TASK OBJECTIVE:
If a line in the entries below includes "with", show that line.

'''

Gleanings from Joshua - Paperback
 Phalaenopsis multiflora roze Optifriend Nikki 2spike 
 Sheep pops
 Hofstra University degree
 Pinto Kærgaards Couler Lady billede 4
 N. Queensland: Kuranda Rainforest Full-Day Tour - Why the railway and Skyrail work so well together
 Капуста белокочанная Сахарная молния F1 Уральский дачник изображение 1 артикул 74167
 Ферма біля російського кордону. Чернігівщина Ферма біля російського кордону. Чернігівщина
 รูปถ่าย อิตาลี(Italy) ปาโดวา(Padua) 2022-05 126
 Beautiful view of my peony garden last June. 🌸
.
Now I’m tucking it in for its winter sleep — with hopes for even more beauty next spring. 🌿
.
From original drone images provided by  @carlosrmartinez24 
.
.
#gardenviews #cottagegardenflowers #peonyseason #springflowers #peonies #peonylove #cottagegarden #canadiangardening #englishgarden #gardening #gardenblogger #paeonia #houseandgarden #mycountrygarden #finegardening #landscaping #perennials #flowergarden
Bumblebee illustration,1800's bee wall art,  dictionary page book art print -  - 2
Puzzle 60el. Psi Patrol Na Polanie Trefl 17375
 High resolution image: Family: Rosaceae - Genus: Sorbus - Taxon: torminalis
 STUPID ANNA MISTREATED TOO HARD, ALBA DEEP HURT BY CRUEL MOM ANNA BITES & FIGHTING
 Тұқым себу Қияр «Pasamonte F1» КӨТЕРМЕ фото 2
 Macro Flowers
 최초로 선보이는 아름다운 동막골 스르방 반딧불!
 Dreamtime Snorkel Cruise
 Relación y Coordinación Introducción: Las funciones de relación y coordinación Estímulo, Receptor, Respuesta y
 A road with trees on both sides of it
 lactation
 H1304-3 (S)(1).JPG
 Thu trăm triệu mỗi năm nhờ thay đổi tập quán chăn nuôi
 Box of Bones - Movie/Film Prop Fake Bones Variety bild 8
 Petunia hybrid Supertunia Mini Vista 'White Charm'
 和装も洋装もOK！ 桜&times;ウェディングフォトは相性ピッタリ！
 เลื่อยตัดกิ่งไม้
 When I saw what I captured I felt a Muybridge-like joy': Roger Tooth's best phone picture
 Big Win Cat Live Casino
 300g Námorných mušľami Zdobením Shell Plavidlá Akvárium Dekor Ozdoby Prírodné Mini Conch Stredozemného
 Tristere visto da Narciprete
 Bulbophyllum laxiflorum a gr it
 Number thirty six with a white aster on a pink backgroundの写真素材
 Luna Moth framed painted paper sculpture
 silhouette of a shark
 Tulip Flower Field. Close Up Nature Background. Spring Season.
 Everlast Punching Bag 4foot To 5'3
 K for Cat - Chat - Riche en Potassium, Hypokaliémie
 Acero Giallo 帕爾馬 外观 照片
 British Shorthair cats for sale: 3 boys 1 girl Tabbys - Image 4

'''

RESPONSE:
Now I’m tucking it in for its winter sleep — with hopes for even more beauty next spring. 🌿
 A road with trees on both sides of it
 Number thirty six with a white aster on a pink backgroundの写真素材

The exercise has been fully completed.